-- EXTRACTED ENTRIES follows --
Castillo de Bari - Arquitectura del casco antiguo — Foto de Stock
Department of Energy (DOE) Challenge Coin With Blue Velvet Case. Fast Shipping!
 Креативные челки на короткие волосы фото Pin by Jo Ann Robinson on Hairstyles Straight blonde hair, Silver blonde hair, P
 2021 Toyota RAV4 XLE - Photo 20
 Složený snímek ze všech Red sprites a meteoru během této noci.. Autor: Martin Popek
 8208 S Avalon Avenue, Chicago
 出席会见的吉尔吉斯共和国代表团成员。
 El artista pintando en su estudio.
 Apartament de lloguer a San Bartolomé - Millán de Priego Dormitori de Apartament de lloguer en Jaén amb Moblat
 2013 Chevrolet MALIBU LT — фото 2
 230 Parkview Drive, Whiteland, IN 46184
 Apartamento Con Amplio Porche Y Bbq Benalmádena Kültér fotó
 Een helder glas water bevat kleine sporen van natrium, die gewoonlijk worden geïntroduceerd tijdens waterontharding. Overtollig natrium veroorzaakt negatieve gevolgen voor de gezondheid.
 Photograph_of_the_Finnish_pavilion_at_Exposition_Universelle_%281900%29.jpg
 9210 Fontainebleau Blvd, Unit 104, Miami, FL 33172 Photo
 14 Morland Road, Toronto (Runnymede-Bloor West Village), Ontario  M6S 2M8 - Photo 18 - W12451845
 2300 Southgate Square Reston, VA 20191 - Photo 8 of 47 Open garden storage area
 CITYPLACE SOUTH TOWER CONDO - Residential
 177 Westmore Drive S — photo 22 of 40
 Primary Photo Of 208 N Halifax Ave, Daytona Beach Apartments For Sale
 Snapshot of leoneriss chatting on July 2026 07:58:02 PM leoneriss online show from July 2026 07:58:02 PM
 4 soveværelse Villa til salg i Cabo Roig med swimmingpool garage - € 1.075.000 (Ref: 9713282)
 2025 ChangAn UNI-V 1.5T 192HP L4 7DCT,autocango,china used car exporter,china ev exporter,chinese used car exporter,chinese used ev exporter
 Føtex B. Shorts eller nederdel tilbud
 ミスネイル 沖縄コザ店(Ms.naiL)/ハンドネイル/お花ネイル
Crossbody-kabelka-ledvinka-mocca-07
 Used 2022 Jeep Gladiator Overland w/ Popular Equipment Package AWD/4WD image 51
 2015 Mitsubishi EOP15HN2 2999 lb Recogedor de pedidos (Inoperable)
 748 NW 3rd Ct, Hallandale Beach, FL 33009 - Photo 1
-- EXTRACTED ENTRIES concluded --
Stop at the line containing "Složený snímek ze". Please print exactly every line before it from the start of the records, plus that line itself, and nothing else.

Castillo de Bari - Arquitectura del casco antiguo — Foto de Stock
Department of Energy (DOE) Challenge Coin With Blue Velvet Case. Fast Shipping!
 Креативные челки на короткие волосы фото Pin by Jo Ann Robinson on Hairstyles Straight blonde hair, Silver blonde hair, P
 2021 Toyota RAV4 XLE - Photo 20
 Složený snímek ze všech Red sprites a meteoru během této noci.. Autor: Martin Popek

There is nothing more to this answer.